Saved entries:
◆ ◆ ◆ ◆ ◆

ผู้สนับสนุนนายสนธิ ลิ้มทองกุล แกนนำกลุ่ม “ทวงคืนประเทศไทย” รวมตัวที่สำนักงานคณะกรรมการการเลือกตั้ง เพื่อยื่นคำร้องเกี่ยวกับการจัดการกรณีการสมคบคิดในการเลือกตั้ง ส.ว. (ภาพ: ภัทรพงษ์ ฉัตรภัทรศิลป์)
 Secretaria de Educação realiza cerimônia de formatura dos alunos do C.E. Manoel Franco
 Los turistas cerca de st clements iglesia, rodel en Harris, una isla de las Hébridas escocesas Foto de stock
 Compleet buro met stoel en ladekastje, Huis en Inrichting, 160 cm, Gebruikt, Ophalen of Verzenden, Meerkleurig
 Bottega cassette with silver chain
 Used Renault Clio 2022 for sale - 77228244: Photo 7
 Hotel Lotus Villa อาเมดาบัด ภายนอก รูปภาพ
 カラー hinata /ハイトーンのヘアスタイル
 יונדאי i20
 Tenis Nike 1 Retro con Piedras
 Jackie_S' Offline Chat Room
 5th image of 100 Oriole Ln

◆ ◆ ◆ ◆ ◆

PROBLEM DESCRIPTION
Going from the line that contains "Compleet buro met" to the last line of the records, reproduce every line as written.

REPLY
 Compleet buro met stoel en ladekastje, Huis en Inrichting, 160 cm, Gebruikt, Ophalen of Verzenden, Meerkleurig
 Bottega cassette with silver chain
 Used Renault Clio 2022 for sale - 77228244: Photo 7
 Hotel Lotus Villa อาเมดาบัด ภายนอก รูปภาพ
 カラー hinata /ハイトーンのヘアスタイル
 יונדאי i20
 Tenis Nike 1 Retro con Piedras
 Jackie_S' Offline Chat Room
 5th image of 100 Oriole Ln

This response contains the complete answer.